We tend to focus on the presidency because it is easier to comprehend than Congress. Most of us like to think of the president as the one who is “in charge” of the government, not just as one person in a necessarily complicated system in which Congress makes many of the important decisions.
Both John McCain and Barack Obama are promising to change Washington. In a recent speech about the crisis on Wall Street, McCain said that the problems we are facing are the result of a “culture of lobbying and influence peddling” and that “we have got to fix it.” And Obama said in a major speech on the economy that “we need a shift in the culture of our financial institutions.” Both may be right, but their proposals for change are only that: proposals. As the recent negotiations over the bailout have emphasized, Congress is the place where policy on the economy is made.
When President Bush recently proposed a $700 billion bailout for failing financial firms, it seemed to many that the president was acting to solve our economic problems, but then it became clear that Congress had its own ideas about what should be in the proposal. Questions about the president’s plan were raised.
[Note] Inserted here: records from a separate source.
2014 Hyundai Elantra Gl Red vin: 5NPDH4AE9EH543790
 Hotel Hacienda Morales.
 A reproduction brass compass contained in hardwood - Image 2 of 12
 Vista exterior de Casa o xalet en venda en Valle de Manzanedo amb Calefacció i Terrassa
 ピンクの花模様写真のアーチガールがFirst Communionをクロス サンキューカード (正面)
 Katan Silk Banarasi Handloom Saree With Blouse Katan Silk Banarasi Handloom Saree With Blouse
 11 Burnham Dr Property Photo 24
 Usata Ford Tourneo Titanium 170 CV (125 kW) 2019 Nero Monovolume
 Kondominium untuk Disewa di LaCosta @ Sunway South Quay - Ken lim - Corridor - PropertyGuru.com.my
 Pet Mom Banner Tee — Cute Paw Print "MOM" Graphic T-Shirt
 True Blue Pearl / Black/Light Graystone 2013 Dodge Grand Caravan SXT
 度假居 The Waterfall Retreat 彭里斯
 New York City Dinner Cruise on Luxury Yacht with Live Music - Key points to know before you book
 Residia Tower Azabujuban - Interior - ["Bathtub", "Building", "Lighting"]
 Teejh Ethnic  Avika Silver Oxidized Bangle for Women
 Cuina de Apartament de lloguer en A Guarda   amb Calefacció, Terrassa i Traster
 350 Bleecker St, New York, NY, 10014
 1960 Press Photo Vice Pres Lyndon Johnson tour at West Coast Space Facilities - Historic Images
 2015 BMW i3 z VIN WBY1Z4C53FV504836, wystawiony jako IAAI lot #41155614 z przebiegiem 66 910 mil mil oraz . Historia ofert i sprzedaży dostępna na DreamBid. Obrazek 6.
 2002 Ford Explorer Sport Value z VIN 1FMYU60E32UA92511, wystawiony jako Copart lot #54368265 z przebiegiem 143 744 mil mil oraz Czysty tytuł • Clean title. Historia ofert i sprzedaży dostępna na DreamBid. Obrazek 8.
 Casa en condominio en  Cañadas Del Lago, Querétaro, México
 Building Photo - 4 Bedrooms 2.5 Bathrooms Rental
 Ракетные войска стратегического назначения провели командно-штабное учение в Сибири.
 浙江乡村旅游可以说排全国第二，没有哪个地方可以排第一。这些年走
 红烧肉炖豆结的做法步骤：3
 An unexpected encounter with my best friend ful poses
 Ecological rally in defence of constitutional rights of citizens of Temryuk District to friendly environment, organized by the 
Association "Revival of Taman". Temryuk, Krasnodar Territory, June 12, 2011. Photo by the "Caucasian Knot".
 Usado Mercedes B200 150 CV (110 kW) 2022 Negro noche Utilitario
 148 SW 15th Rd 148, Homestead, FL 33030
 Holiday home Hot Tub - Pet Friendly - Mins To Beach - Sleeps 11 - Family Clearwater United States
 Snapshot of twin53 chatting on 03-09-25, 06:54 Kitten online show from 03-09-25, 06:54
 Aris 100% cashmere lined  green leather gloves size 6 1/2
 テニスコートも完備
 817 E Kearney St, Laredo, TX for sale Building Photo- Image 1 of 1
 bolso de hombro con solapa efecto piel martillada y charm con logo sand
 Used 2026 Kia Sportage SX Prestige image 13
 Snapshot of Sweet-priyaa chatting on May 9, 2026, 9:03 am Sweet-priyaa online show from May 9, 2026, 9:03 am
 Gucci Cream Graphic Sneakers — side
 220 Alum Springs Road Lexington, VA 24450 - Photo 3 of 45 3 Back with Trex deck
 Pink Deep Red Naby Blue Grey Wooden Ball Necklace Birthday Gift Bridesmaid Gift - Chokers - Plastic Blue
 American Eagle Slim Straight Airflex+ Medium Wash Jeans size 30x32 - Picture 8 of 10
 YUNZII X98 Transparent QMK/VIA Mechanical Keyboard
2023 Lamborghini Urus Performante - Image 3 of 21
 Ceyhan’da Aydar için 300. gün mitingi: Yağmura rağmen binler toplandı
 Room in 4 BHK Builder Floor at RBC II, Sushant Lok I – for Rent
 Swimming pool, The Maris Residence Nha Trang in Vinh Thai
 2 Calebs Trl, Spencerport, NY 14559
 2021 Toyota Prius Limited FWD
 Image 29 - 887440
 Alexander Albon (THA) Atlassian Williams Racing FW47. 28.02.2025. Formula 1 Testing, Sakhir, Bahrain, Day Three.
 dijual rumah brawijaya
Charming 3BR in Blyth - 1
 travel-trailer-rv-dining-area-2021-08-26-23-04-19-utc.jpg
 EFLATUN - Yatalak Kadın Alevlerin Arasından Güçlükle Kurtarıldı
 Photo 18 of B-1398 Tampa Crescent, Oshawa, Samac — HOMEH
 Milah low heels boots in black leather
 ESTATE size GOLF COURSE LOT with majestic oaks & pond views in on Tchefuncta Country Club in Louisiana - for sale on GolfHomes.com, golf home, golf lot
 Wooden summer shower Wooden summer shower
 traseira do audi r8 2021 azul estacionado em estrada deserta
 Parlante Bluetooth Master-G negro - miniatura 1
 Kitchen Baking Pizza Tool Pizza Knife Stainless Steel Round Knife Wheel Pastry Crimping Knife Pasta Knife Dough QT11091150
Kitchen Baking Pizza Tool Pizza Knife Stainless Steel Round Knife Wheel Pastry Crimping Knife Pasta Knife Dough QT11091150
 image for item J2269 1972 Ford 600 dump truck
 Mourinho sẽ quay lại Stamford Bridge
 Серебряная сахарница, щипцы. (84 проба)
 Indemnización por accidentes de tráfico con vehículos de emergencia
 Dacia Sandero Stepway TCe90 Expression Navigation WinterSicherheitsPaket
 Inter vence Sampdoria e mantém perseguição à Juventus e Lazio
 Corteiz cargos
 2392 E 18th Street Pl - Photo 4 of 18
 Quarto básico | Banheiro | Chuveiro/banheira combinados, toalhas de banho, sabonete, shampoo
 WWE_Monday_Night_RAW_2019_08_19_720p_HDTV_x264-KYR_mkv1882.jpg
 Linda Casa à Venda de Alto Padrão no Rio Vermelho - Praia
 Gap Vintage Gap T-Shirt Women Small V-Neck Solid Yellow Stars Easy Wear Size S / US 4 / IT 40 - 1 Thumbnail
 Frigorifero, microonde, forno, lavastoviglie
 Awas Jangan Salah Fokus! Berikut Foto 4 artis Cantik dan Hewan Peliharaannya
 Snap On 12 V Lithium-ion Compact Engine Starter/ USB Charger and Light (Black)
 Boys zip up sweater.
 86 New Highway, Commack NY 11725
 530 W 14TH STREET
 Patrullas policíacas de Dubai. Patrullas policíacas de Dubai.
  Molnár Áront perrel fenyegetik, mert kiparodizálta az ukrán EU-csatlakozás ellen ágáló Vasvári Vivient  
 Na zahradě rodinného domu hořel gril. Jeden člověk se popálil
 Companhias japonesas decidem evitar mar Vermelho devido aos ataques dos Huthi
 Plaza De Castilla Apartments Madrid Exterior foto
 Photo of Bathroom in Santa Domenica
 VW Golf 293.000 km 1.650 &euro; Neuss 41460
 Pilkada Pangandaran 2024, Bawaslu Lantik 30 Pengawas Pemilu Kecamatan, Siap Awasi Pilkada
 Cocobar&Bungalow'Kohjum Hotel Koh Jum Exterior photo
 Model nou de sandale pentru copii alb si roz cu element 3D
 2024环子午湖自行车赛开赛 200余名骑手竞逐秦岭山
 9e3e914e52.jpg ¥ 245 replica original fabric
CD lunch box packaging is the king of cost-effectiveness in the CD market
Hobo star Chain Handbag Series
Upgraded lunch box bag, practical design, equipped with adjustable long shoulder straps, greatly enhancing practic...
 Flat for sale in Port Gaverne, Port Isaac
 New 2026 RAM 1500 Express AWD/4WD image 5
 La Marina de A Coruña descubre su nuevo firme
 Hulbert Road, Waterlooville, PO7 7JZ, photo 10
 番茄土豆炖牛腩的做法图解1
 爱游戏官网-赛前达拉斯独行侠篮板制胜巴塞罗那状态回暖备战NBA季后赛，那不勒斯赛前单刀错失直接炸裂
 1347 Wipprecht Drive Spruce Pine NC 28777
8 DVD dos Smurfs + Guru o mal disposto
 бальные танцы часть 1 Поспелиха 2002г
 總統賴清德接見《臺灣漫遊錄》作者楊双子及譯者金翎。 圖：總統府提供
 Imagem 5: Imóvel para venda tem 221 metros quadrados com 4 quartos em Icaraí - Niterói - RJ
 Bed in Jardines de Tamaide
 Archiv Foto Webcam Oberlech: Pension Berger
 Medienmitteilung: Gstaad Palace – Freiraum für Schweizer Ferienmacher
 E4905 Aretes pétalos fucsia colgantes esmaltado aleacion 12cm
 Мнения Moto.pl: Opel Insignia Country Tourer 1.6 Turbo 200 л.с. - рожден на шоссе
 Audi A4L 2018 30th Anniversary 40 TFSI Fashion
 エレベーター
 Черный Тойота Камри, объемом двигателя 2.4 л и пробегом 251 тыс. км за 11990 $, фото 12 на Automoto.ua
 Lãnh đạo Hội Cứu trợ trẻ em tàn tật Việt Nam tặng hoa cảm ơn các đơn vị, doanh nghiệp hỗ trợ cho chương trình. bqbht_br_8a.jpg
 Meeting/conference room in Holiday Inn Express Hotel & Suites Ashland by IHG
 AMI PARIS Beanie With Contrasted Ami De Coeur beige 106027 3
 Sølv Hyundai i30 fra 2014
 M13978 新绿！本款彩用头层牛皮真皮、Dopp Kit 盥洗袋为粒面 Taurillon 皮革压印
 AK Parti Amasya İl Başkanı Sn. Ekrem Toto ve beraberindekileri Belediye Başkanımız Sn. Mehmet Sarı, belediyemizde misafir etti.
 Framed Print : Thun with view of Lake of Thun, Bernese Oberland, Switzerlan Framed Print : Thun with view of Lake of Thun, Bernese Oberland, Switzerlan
Did it essentially give Treasury Secretary Paulson a “blank check?” Should provisions be included to limit the pay of executives who might benefit from the bailout? Should mortgage help for homeowners be included? The president can open up a discussion and play a role in what happens, but Congress has, as James Madison called it, the “power of the purse.”
Both candidates have strong views about other issues, such as immigration and social security, but there is one real question: what will Congress do about these things? Our form of government, with its many checks and balances, is designed so that the president has very little control over most of the issues that touch us day by day. The president may, if he or she chooses, propose anything to Congress, but it is up to Congress to take action, and it must do so in a way that is acceptable to its constituents.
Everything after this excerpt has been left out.